В это время Анна Григорьевна вернулась с Дарьей Савельевной из церкви.
Степан насмешливо посмотрел на нее, не считая нужным поздороваться.
Вася, вернувшись домой, слышал, как Анна Григорьевна спрашивала горничную:
— Что это за солдат там, на дворе?
— А это Степан, Петра сын.
— Разве он не убит?
— Ошибка вышла, ранили его очень тяжело, а убить не убили. Да какой отчаянный, в большевики поступил.
— Ну, я в своем доме большевика терпеть не буду, — сказала тетушка и, строго взглянув на разболтавшуюся Феню, величественно шумя шелковым праздничным платьем, прошла в столовую.
Дарье Савельевне было поручено сказать Петру, чтобы Степан немедленно отправлялся туда, откуда пришел. Дарья Савельевна, не любившая Петра, с удовольствием взялась выполнить это поручение.
Она напустила на себя смиренный вид исполнительницы господской воли и, переваливаясь на своих коротеньких ножках, вошла в буфетную.
Петр убирал в шкаф посуду, то и дело подбегая к окну и любуясь сыном.
— Петр Миронович, — сказала Дарья Савельевна со вздохом, — сыночек-то ваш вернулся и здоровехонек, чай, рады?
Лицо Петра расплылось в радостную улыбку, но он молча продолжал перетирать посуду.
— В гости к родителю пришел, — продолжала все тем же смиренным голосом Дарья Савельевна, — вот хорошо-то! Живет-то ведь далеко, чай в казармах!
— Зачем в казармах, — произнес Петр, — здесь будет жить, при мне.
— Что вы, что вы, Петр Миронович, — как бы испугавшись воскликнула Дарья Савельевна, — да наша барыня его и на порог не велела пускать, он, говорит, большевик, а большевику я у себя в доме жить не позволю.
Петр вдруг с треском захлопнул буфет и, исподлобья посмотрев на Дарью Савельевну, обрезал:
— Теперь никаких таких своих домов нет, и никакого права у нее нет Степану здесь жить запрещать. Теперь революция произошла, господское время кончилось!
Дарья Савельевна скривила рот и постаралась выразить на лице глубокую обиду за барыню.
— Бог вас накажет за эти слова, Петр Миронович, — сказала она сокрушенным тоном.
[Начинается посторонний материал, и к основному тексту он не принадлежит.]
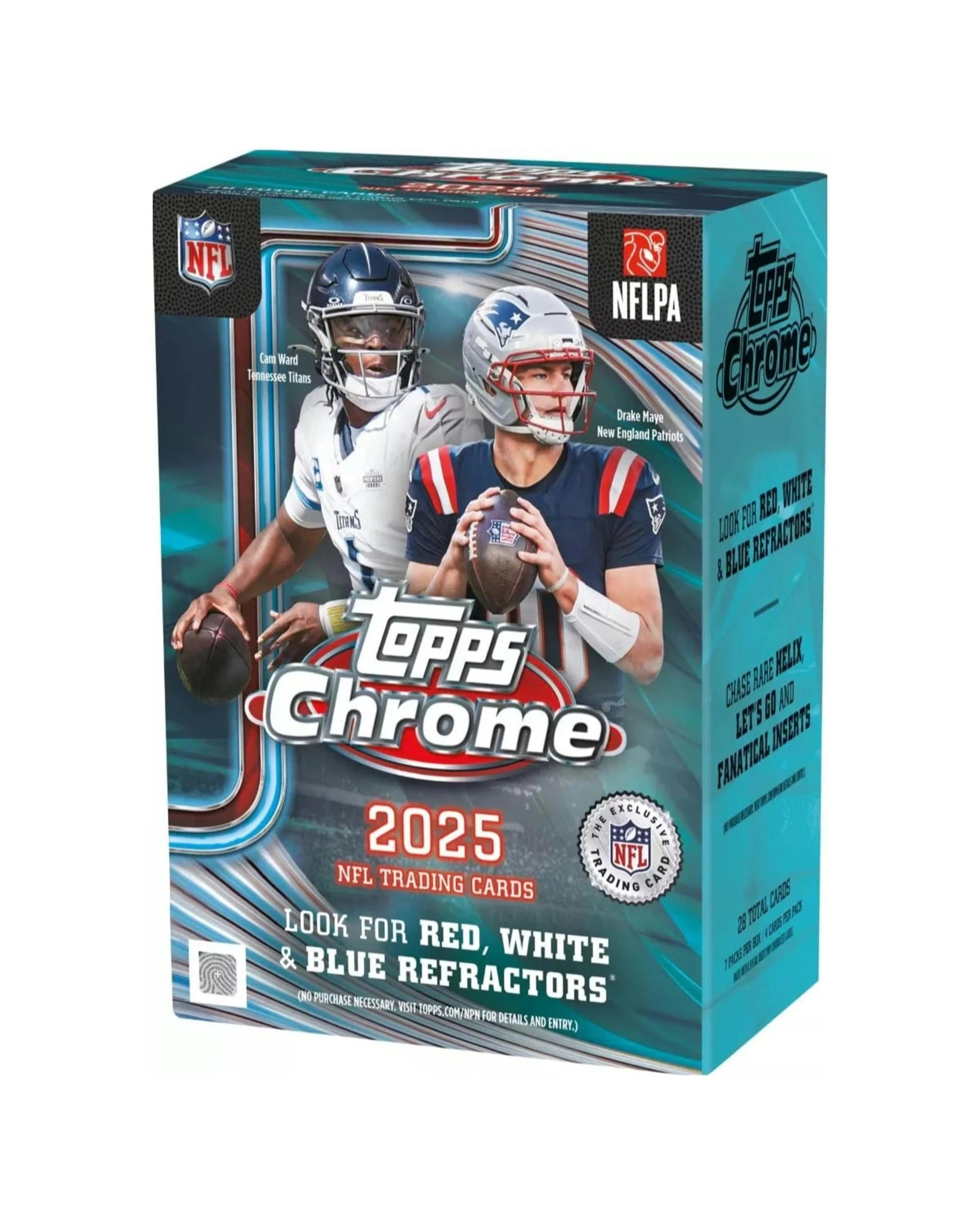 1 Topps 2025 Chrome NFL Football Blaster Box, 1 of 10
— У бога поважнее дела есть, — сурово возразил Петр и вышел из буфетной.
Дарья Савельевна поспешно покатилась к Анне Григорьевне; в душе она радовалась, что ее давнишний враг Петр, наконец-то, попадет в немилость к барыне.
— Матушка-барыня, — загнусила она нараспев, — и Петр тоже большевиком стал, я к нему со всей вежливостью, так и мол и так, барыня приказала, а он на меня как цыкнет, как ногами затопочет, да как кулачищем по столу хватит, чуть всю посуду не перебил! Нет, говорит, теперь господ, теперь, говорит, революция, где, говорит, захочет Степан, там и будет жить, да опять кулачищем как хватит.
Анна Григорьевна сверкнула глазами и встала, шумя своим шелковым платьем.
— А, так... — грозно начала она.
Но в этот миг на улице послышались крики, грохот проезжавшего грузовика, старый дом затрясся и в стеклянном шкафу жалобно зазвенели старинные фарфоровые чашки и вазочки, так бережно хранимые Анной Григорьевной.